Clearly, gay people are still being oppressed out there and - contrary to what many of us may think - there are still some parts of the world where gay people are being tortured and killed because of their sexual orientation. Unfortunately, these stories of brutality are often hidden from our Western eyes.
When Mario Gerada, project coordinator at Integra Foundation, carried out research on Non-Governmental (Development) Organisations (NG(D)Os) he found that very few represent homosexual people and bring gay issues to the forefront.
He was shocked to learn that torture and killings are a reality for gay people in several countries.
"In Nepal they have a sexual cleansing policy. In Iraq there are trap chat rooms that lead gay people into the violent hands of the police. In Iran they are hanging homosexuals. In South Africa lesbian women are being raped to 'put them in their place'. These are just a few examples.
"But what shook me even more than the news itself was that no one here is talking about it."
As Mr Gerada surfed through human rights websites and learnt more about the subject he asked himself: What are the authorities and NG(D)Os doing about this?
Speaking about the role of NG(D)Os he said that, on a local and European level, there is a lot of sterling work going on with regard to development, as such organisations work hard to combat poverty.

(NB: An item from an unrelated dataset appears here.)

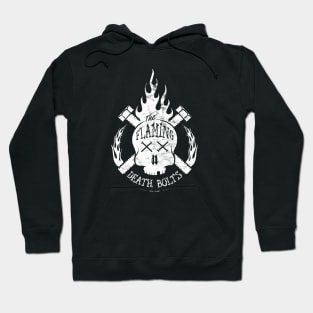 Flaming Death Bolts Hoodie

But the plight of lesbian, gay, bisexual, and transgender people (LGBTs) in these same countries is barely mentioned. Mr Gerada stressed that although major human rights organisations, such as Amnesty International, are active on the LGBT level there is still more to be done as, for most Western countries, including Malta, these issues remain an invisible reality.
"Civil society has a vital role to play in battling against such hidden discrimination. More awareness needs to be raised to sensibilise the public about what is happening. Once the people know, they can start piling pressure on their government to tackle this problem, as has been done on other issues.
"Maybe one needs to point out that gay people themselves in the West need to be sensitive to this issue and gay organisations need to start working on it and fight for gay rights in developing countries," he added.
As a strong believer in the Catholic Church, Mr Gerada also believes the Church too has a very important part to play in combating this extreme injustice.
"With regard to development, the Church is one of the most active bodies in Europe. The International Cooperation for Development and Solidarity (CIDSE) and Caritas Europe are two extremely strong Catholic movements that do brilliant work to change things in development countries and fight for the plight of the poor.
"But although this work may have an impact on a European level and on government decisions, all too often issues faced by gay people in developing countries are forgotten by the Church, governments, NG(D)Os and even gay movements themselves.
"In a nutshell, the Church does a lot of brilliant work but it needs to make its teachings for tolerance towards homosexual people more clear," he added.
Through its catechism, the Church preaches that people with homosexual tendencies must be "accepted with respect, compassion and sensitivity and every sign of unjust discrimination in their regard should be avoided".
But not allowing discrimination was not enough, Mr Gerada insists. The Church had a duty to speak up.
"The incongruence I see is that whereas the Church's stand on gay unions is often stressed, its teachings against discrimination and homophobia are rarely quoted."
The way Mr Gerada sees it, influential bodies - the Church being one of the strongest - ought to exercise their influence and speak up to help persecuted gay people.
Civil society can start by being aware of this reality and make its concern heard to the authorities who, in turn, will help make a difference.
"The persecution of gay people needs to be included with other issues we discuss, such as war and poverty. Let's stretch our borders and reach out a little bit more," Mr Gerada said.